All of lore.kernel.org
 help / color / mirror / Atom feed
From: Chuck Lever <chuck.lever@oracle.com>
To: Dai Ngo <dai.ngo@oracle.com>, Bruce Fields <bfields@fieldses.org>,
	Olga Kornievskaia <aglo@umich.edu>
Cc: Linux NFS Mailing List <linux-nfs@vger.kernel.org>
Subject: Re: [PATCH 1/2] NFSD: Fix use-after-free warning when doing inter-server copy
Date: Mon, 1 Mar 2021 18:15:49 +0000	[thread overview]
Message-ID: <4F649BEC-C222-4D16-B8C1-D1432690498F@oracle.com> (raw)
In-Reply-To: <1d52c88d-0c30-b9a1-9724-596bf7de314c@oracle.com>



> On Feb 25, 2021, at 1:58 PM, dai.ngo@oracle.com wrote:
> 
> 
> On 2/24/21 6:26 PM, dai.ngo@oracle.com wrote:
>> Hi Olga and Bruce,
>> 
>> On 2/24/21 2:35 PM, Olga Kornievskaia wrote:
>>> On Mon, Feb 22, 2021 at 5:09 PM <dai.ngo@oracle.com> wrote:
>>>> 
>>>> On 2/22/21 2:01 PM, dai.ngo@oracle.com wrote:
>>>>> On 2/22/21 1:46 PM, dai.ngo@oracle.com wrote:
>>>>>> On 2/22/21 10:34 AM, dai.ngo@oracle.com wrote:
>>>>>>> On 2/20/21 8:16 PM, dai.ngo@oracle.com wrote:
>>>>>>>> On 2/20/21 6:08 AM, Olga Kornievskaia wrote:
>>>>>>>>> On Fri, Feb 19, 2021 at 10:21 PM J. Bruce Fields
>>>>>>>>> <bfields@fieldses.org> wrote:
>>>>>>>>>> On Fri, Feb 19, 2021 at 05:31:58PM -0800, dai.ngo@oracle.com wrote:
>>>>>>>>>>> If this is the cause why we don't drop the mount after the copy
>>>>>>>>>>> then I can restore the patch and look into this problem.
>>>>>>>>>>> Unfortunately,
>>>>>>>>>>> all my test machines are down for maintenance until Sunday/Monday.
>>>>>>>>>> I think we can take some time to figure out what's actually going on
>>>>>>>>>> here before reverting anything.
>>>>>>>>> Yes I agree.

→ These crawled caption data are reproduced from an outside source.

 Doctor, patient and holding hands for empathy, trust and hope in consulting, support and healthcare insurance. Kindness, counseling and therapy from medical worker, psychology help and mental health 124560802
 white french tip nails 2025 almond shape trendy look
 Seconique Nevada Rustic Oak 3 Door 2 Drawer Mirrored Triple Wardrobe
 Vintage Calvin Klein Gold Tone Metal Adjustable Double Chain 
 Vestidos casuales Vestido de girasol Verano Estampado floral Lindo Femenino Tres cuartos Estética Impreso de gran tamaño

We need to fix the use-after-free and also make sure
>>>>>>>>> that
>>>>>>>>> reference will go away.
>>>>>>> I reverted the patch, verified the warning message is back:
>>>>>>> 
>>>>>>> Feb 22 10:07:45 nfsvmf24 kernel: ------------[ cut here ]------------
>>>>>>> Feb 22 10:07:45 nfsvmf24 kernel: refcount_t: underflow; use-after-free.
>>>>>>> 
>>>>>>> then did a inter-server copy and waited for more than 20 mins and
>>>>>>> the destination server still maintains the session with the source
>>>>>>> server.  It must be some other references that prevent the mount
>>>>>>> to go away.
>>>>>> This change fixed the unmount after inter-server copy problem:
>>>>>> 
>>>>>> diff --git a/fs/nfsd/nfs4proc.c b/fs/nfsd/nfs4proc.c
>>>>>> index 8d6d2678abad..87687cd18938 100644
>>>>>> --- a/fs/nfsd/nfs4proc.c
>>>>>> +++ b/fs/nfsd/nfs4proc.c
>>>>>> @@ -1304,7 +1304,7 @@ nfsd4_cleanup_inter_ssc(struct vfsmount
>>>>>> *ss_mnt, struct nfsd_file *src,
>>>>>>                          struct nfsd_file *dst)
>>>>>>   {
>>>>>>          nfs42_ssc_close(src->nf_file);
>>>>>> -       /* 'src' is freed by nfsd4_do_async_copy */
>>>>>> +       nfsd_file_put(src);
>>>>>>          nfsd_file_put(dst);
>>>>>>          mntput(ss_mnt);
>>>>>>   }
>>>> This change is not need. It's left over from my testing to
>>>> reproduce the warning messages. Only the change in
>>>> nfsd4_do_async_copy is needed for the unmount problem.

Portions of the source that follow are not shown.